Mülheim researchers detect fullerenes in low-energy materials - crude oil contains both buckyballs and buckybowls
Fullerenes are hollow closed molecules with high symmetry, consisting of carbon atoms. The best-known fullerene C60 has a structure reminiscent of a football. The name Fullerene - or Buckyball - goes back to the American architect Richard Buckminster Fuller, who designed geodesic domes whose symmetrical structure is similar to the one of these special molecules.
Although fullerenes were first reported more than 30 years ago, little is known about their natural occurrence. Until now, they have mostly been found at sites of high‐energy incidents, such as lightning strikes or meteor impacts - but not in low-energy materials such as fossil fuels.
A team from the Department of Mass Spectrometry at the MPI für Kohlenforschung has now been able to detect a broad spectrum of fullerenes from C30 to C114 in the asphaltene fraction of a heavy crude oil using ultra-high resolution mass spectrometry.
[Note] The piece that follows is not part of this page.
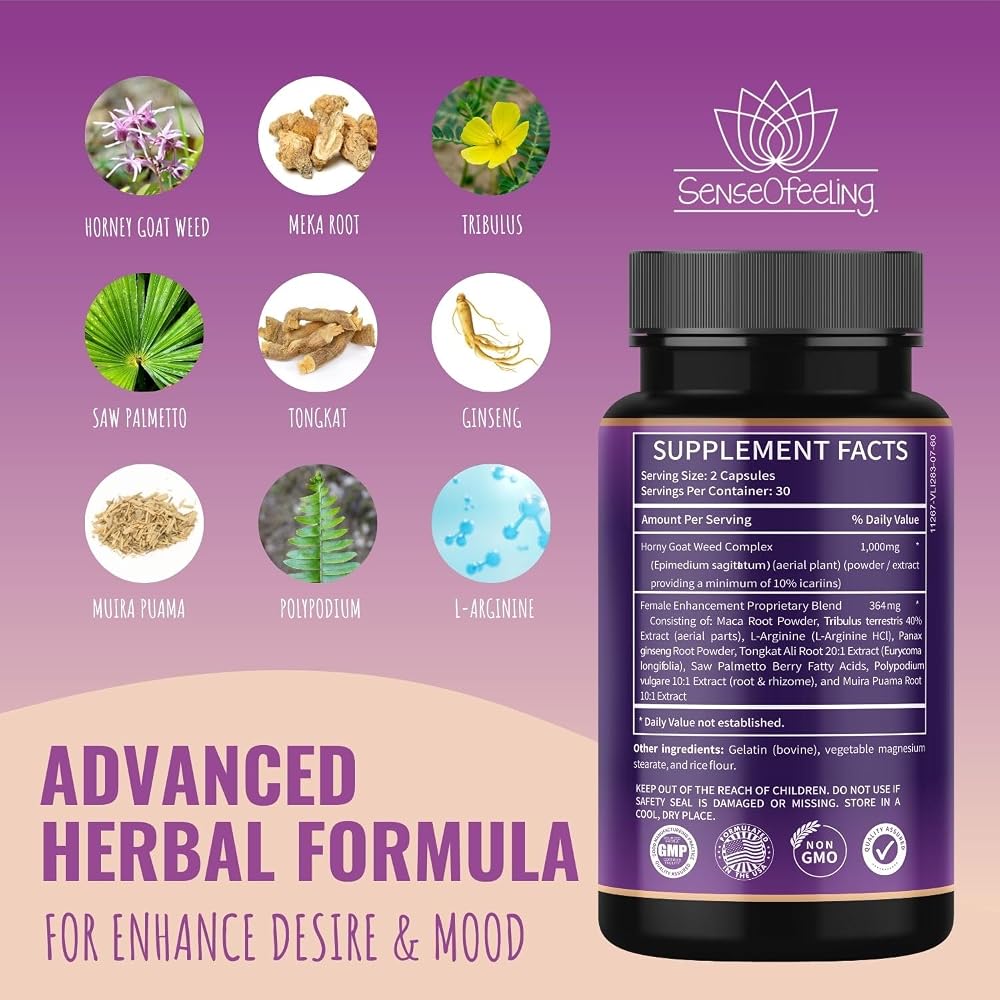 senseOfeeling Female Enhancement Pills with Horny Goat Weed - image 2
The analyses showed the fullerenes in this heaviest part of the crude oil together with their building blocks of the C10nH10 stoichiometry. Quantum chemical calculations of the Department of Molecular Theory and Spectroscopy confirm their stability as spherical and hemispherical species. Interestingly, the maximum intensity of fullerenes was found at C40 instead of the major fullerene C60. Thus, the experiments supported by high‐level DLPNO‐CCSD(T) calculations prove not only the existence of buckyballs but also of buckybowls as 3-dimensional polyaromatic compounds in fossil materials.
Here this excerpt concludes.